BRIEF | Return the listing exactly as it appears, but strip out the images.

INFORMATION SUPPLIED |
BEGIN
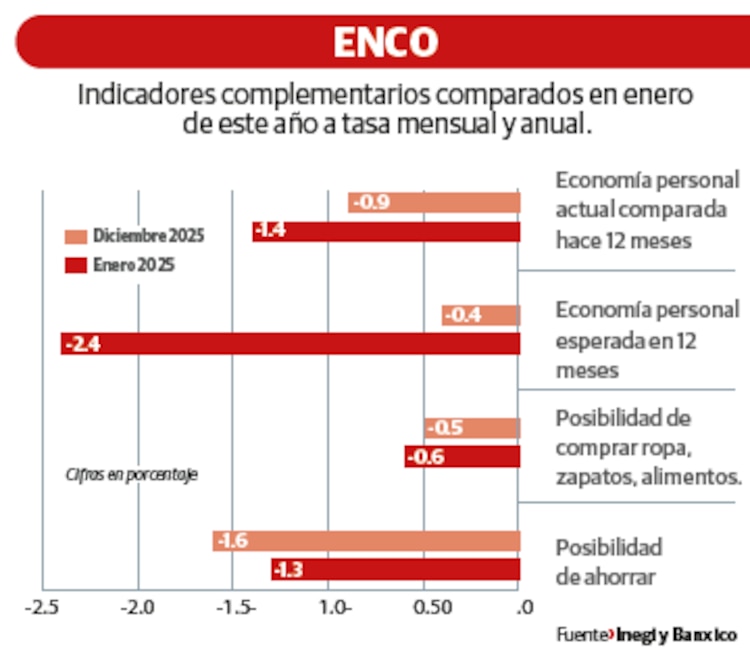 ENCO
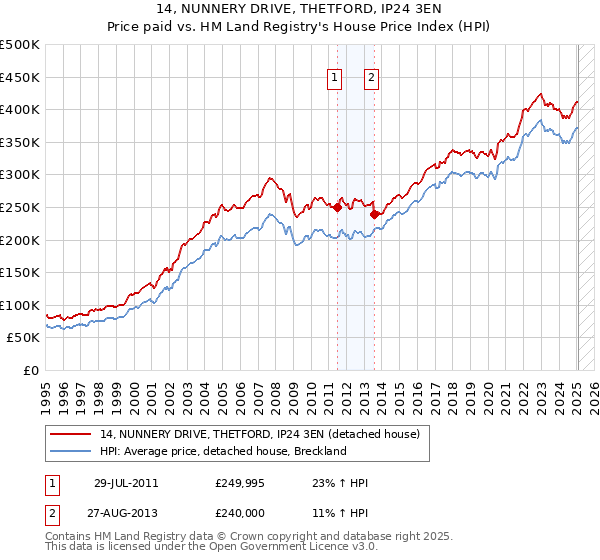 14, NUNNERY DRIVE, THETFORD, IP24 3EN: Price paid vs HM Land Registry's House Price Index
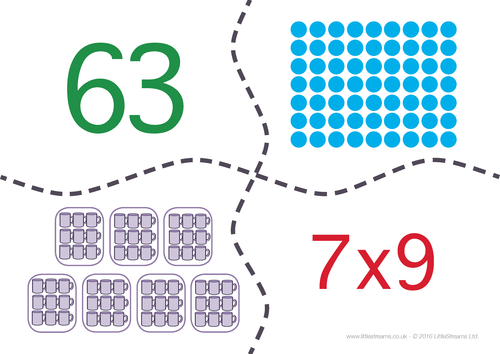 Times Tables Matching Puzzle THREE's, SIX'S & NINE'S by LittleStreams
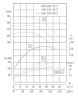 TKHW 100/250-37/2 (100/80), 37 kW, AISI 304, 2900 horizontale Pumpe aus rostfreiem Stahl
END
SOLUTION |
 ENCO
 14, NUNNERY DRIVE, THETFORD, IP24 3EN: Price paid vs HM Land Registry's House Price Index
 Times Tables Matching Puzzle THREE's, SIX'S & NINE'S by LittleStreams
 TKHW 100/250-37/2 (100/80), 37 kW, AISI 304, 2900 horizontale Pumpe aus rostfreiem Stahl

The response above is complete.